Interestingly, one of the teams UB has beaten in its three-game win streak, Western Michigan, terminated the contract of head coach Bill Cubit this past weekend. Cubit was 51-47 (.520) in his eight years at WMU. Quinn is 9-26 (.257) since he took over as head coach in 2010.
But this move is not about long-term history; it is about what Quinn has done for the team lately. This contract extension is the right move. A three-game win streak is an anomaly in Western New York, and it can be attributed to the head coach. Some don’t understand.
“It’s hasty,” said Ben Tsujimoto, who covers the Bulls year-round for Buffalo.com. “A lot of the stats don’t trend in UB’s favor – the overall record the last three years, the inability to win close games – and it’s tough to see this three-game win streak as a cure-all for Quinn’s and UB’s previous problems.”
Tsujimoto has advocated for giving the coach one more season before determining his fate, blatantly oblivious to the aforementioned graph that supports UB’s decision to lock the coach up for the next five years. Why wait until Quinn wins five games next year and wants more money?
“Aside from last year’s win over Ohio, when has UB beaten a quality opponent?” Tsujimoto said, ignoring UB’s 35-7 win over FCS school Stony Brook last year. “White is taking a serious risk, a leap of faith.”
A leap of faith? Hardly. Quinn is an offensive mastermind (Did you see his offense when he was the coordinator at Cincinnati? That was all Quinn, not head coach Brian Kelly, whose Notre Dame team is now No. 1 in the nation) who has been forced to push through a major setback since week nine.
The Bulls had sprinted to a 1-7 start under junior quarterback Alex Zordich, the supreme weapon in UB’s quarterback arsenal. So Quinn had to go to the man a few impatient people had been waiting to see – redshirt freshman Joe Licata – to lead the team under center.

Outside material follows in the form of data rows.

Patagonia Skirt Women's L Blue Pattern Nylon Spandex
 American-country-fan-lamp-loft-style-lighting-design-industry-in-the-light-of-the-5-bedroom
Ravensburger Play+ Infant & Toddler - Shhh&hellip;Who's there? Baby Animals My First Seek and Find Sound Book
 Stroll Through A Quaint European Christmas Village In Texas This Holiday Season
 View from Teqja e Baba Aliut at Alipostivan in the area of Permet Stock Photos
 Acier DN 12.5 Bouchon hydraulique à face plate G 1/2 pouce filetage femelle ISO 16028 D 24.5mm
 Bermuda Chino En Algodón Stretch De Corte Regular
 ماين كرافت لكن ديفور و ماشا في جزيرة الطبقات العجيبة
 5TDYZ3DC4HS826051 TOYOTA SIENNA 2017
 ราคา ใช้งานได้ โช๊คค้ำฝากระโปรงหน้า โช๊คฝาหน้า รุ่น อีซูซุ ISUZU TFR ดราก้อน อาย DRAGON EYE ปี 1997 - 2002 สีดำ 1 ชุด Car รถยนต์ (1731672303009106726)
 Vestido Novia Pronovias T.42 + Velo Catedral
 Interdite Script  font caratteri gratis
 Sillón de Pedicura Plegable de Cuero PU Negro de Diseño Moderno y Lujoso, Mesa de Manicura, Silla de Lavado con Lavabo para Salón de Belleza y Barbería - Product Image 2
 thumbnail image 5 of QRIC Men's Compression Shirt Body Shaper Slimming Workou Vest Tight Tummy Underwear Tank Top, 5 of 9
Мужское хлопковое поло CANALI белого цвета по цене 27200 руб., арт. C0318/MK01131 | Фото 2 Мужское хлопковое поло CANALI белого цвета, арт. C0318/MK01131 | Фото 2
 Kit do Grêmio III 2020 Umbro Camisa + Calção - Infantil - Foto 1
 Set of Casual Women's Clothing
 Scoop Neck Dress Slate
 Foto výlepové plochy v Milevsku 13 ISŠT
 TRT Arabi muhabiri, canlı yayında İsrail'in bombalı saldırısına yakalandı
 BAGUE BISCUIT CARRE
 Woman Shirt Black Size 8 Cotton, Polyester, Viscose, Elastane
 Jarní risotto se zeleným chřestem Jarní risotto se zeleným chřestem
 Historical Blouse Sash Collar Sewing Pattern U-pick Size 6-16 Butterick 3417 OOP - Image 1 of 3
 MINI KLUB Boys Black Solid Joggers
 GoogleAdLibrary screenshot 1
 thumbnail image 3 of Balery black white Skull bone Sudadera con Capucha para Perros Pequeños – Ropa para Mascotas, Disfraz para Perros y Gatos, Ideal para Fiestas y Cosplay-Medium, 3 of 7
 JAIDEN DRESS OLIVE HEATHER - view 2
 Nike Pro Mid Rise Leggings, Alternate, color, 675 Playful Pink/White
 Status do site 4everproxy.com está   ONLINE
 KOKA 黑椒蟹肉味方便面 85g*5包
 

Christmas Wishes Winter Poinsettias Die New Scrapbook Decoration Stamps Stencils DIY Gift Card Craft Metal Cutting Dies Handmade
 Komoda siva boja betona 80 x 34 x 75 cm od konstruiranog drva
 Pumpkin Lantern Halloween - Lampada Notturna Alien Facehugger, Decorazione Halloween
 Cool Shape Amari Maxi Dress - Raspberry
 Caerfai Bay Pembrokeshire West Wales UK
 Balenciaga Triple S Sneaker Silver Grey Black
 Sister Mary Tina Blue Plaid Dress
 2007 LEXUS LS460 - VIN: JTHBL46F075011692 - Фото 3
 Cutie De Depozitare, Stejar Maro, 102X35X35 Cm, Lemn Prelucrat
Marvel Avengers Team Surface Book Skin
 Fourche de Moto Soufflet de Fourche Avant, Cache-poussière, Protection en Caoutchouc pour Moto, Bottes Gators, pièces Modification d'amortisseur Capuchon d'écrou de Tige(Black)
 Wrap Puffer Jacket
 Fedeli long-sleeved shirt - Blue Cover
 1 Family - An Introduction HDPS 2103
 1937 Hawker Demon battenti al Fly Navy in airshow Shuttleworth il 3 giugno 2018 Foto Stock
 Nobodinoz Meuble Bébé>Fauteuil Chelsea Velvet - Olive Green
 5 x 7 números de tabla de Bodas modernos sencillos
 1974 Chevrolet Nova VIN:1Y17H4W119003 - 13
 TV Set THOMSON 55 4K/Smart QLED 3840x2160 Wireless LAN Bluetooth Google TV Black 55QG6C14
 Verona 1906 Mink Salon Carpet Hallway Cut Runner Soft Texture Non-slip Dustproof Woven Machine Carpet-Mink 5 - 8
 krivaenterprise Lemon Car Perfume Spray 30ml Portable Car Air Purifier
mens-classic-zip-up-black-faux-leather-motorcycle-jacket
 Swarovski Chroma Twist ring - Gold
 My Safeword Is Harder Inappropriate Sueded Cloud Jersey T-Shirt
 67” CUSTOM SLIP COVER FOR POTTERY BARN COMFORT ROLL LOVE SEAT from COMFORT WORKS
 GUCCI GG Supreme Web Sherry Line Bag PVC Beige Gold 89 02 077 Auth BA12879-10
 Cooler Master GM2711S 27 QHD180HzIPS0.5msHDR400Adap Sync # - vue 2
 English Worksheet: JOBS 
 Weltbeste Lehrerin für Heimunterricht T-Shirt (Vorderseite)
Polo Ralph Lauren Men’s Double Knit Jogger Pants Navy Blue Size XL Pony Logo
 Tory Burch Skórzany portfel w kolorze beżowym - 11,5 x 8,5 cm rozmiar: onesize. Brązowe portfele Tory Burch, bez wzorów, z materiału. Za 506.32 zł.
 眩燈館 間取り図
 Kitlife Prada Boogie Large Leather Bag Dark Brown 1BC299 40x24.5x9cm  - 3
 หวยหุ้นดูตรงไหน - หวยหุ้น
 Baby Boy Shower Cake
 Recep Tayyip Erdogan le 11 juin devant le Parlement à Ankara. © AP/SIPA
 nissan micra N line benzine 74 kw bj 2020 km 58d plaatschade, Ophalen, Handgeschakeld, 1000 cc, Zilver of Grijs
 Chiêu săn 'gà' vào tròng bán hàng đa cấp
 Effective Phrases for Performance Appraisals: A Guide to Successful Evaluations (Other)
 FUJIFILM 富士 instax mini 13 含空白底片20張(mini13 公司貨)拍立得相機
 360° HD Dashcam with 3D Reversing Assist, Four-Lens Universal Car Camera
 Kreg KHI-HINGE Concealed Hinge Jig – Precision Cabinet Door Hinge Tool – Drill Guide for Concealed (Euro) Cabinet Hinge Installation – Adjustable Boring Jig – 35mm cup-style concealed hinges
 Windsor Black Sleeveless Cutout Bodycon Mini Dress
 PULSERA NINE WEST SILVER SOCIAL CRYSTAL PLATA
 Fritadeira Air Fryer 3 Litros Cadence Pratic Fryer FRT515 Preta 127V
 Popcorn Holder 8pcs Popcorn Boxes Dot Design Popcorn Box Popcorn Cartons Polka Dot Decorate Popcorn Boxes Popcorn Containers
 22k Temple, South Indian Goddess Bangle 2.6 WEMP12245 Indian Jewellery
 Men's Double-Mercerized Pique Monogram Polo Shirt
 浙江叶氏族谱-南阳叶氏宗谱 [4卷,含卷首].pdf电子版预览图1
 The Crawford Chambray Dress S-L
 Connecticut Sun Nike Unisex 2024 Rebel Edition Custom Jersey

Licata holds the New York State high school passing record for touchdowns in a career. Some say he’s an accurate QB with a head on his shoulders and a cannon for an arm. In fact, a large part of uneducated Bulls faithful was mystified when Licata wasn’t the starter from day one this year.
There was a common theme in press conferences through the Bulls’ rough start to the season. Quinn had to be tired of answering one question: “What about Joe Licata?”
Why would people who have no idea how to coach a football team ask that question of a man who knows what he’s doing? The people who asked about Licata are the same ones crediting the Bulls’ recent win streak to the redshirt freshman, but they don’t know what they’re talking about. If Licata was good from the start of the season, Quinn would have obviously had him in.
Licata needed to develop from the sidelines, not in an in-game situation.
After all, the redshirt freshman wasn’t even sniffing the field because Zordich was dominating. In games against Division IA opponents, Zordich had thrown five touchdowns in seven games – an average of .71 touchdowns per game.